Attualmente sono un freelance, lavoro nel mondo della birra e scrivo di birra. Il prodotto a cui sono legato è “Cronache di Birra”, che esiste da ormai undici anni, poi faccio anche consulenze in questo ambiente: sono docente, giudice in concorsi, organizzatore d’eventi legati alla birra: questo è il mio curriculum nell’ambito birraio. L’idea di diventare un cronista mi è venuta undici anni fa quando avevo già sviluppato una certa passione: dopo alcuni anni che bevevo già birra artigianale e m’informavo on-line, sui libri e nei viaggi (che è il modo migliore per imparare), vedevo che quello che mancava nella birra artigianale era un blog tematico sulla birra, cioè che raccontasse quotidianamente quello che succedeva nel mondo della birra. Lavorando come programmatore informatico, mi capitava di leggere i blog tematici sul mio lavoro e allora pensai: perché non fare qualcosa del genere declinato nel mondo della birra? Quindi aprii il blog “Cronache di birra”.

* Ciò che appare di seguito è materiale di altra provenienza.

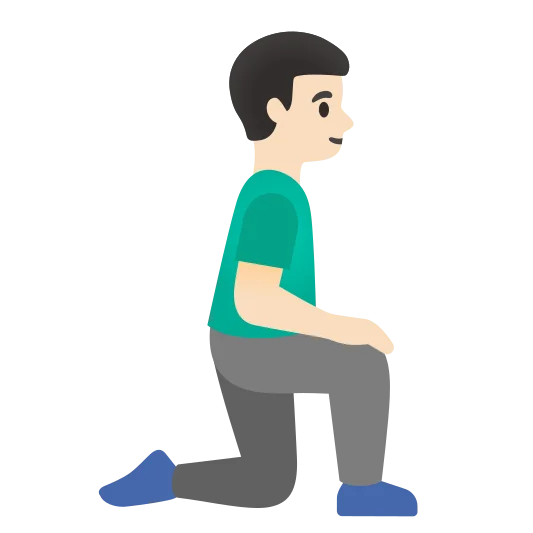 The man kneeling facing right: light skin tone emoji.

Perché hai deciso di pubblicare il libro “Cronache di Birra”? Raccontacelo un po’: perché non deve mancare nelle nostre librerie?

Ho deciso di pubblicarlo perché si avvicinavano i dieci anni del sito, avevo voglia di fare qualcosa di particolare per l’occasione. All’inizio non avevo le idee tanto chiare: un evento mi sembrava un po’ limitativo, una birra l’avevo già fatta per i cinque anni, era già un’esperienza acquisita e non valeva la penna replicarla. E allora, ragionando su qual è il significato di dieci anni di sito per me e per la birra, mi sono accorto che se tu ripercorrevi tutti gli articoli che ho scritto ogni giorno su questo mondo potevi ricostruire l’evoluzione dell’ultimo decennio della birra artigianale italiana. Quindi l’idea è stata quella di creare una sorta di antologia, raccogliendo 6-7 articoli per anno degli ultimi 10 anni e quindi ricostruire un po’ l’evoluzione del nostro mondo mettendo anche qualche pezzo di cultura birraria.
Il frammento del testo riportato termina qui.